ゲラストスといえばモロッコ産が一般的で、状態もよく値段も安い。そういうものには目もくれず、より状態がわるくて値段も高いアイフェル産を求めるのはどう考えてもまともではないが、蒐集という趣味はどうもこんなふうに脇道へそれていく傾向があるようだ。

ケラウルス・プレウレキサンテムス

今年最初のヤフオクでの買い物がこれだが、現物を見たときは驚いた。これがあのケラウルスだろうか。まるでパラドキシデスのような凄みではないか。それにこの格調の高さはどうだろう。雰囲気だけでいえば、去年の夏岐阜で見たアンフィリカスに匹敵する。うーむ、こんなものを私がもっていていいんだろうか。これはむしろ博物館にでも飾っておくべきものではないか。いや、じっさい私の家にはこれを置くべき場所がない。どこに置いてもまわりと調和しないのである。しかたがないのでとりあえず単独で机の上に置くことにした。さいわいトゲトゲ種ではないのであまり保管に神経質になる必要もない。


Ceraurus pleurexanthemus
Upper Ordovician
Walcott-Rust Quarry


これまでB級品や部分化石が主体だった自分のコレクションにこういうものが加わって、さてこの先いったいどうなるのか。いや、心配しなくても、これをきっかけにコレクションのレベルがいきなり上がるなんてことは考えられない。だいいちそんなことは私の懐具合が許さない。私はこれまでどおり安価な標本中心の、片隅の化石愛好家にとどまるだろう。

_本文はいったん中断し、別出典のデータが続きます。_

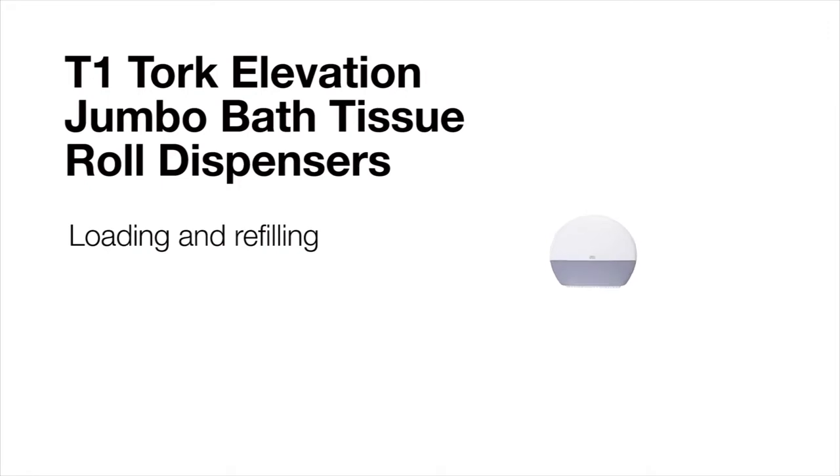This short video will review loading and refilling the Torque Elevation Jumbo bath tissue roll dispenser.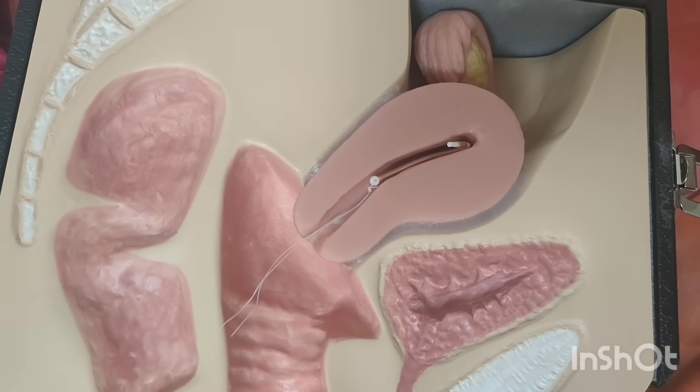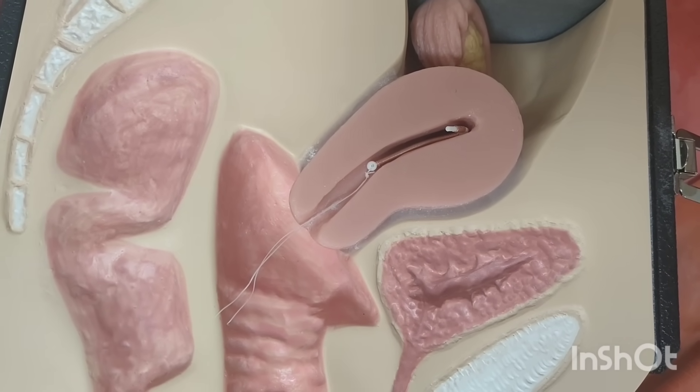Your copper T is placed, and the technique is: push, pull, push.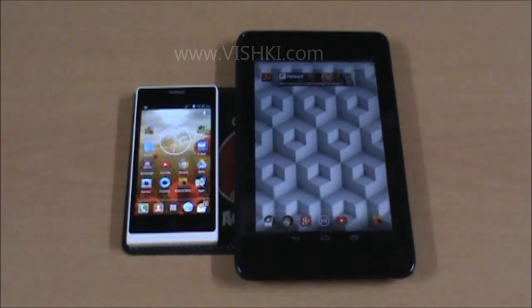Welcome friends. In this video we will see how to tether an Android tablet to an Android mobile phone using Bluetooth connectivity.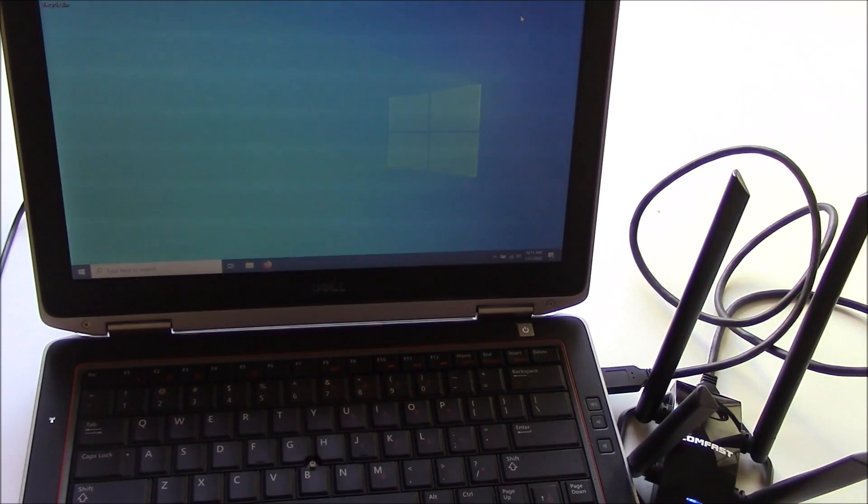As you just saw, the light is on, so the computer has detected it. Let's check the signal.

世の中には極上の標本しか集めない人がいる。そのコレクションは当然ながらすばらしい。しかしもし自分がそういうコレクションをもっていたとしたらどうだろう。たぶん息苦しくてやりきれないのではないか。濁った水にしか棲めない魚がいるように、私も下世話な環境でないと息がつけないのだ。

というわけで、たまの贅沢は、ともすれば惰性に流れがちな蒐集という趣味に活を入れてくれるスパイスのようなものだと思うことにしよう。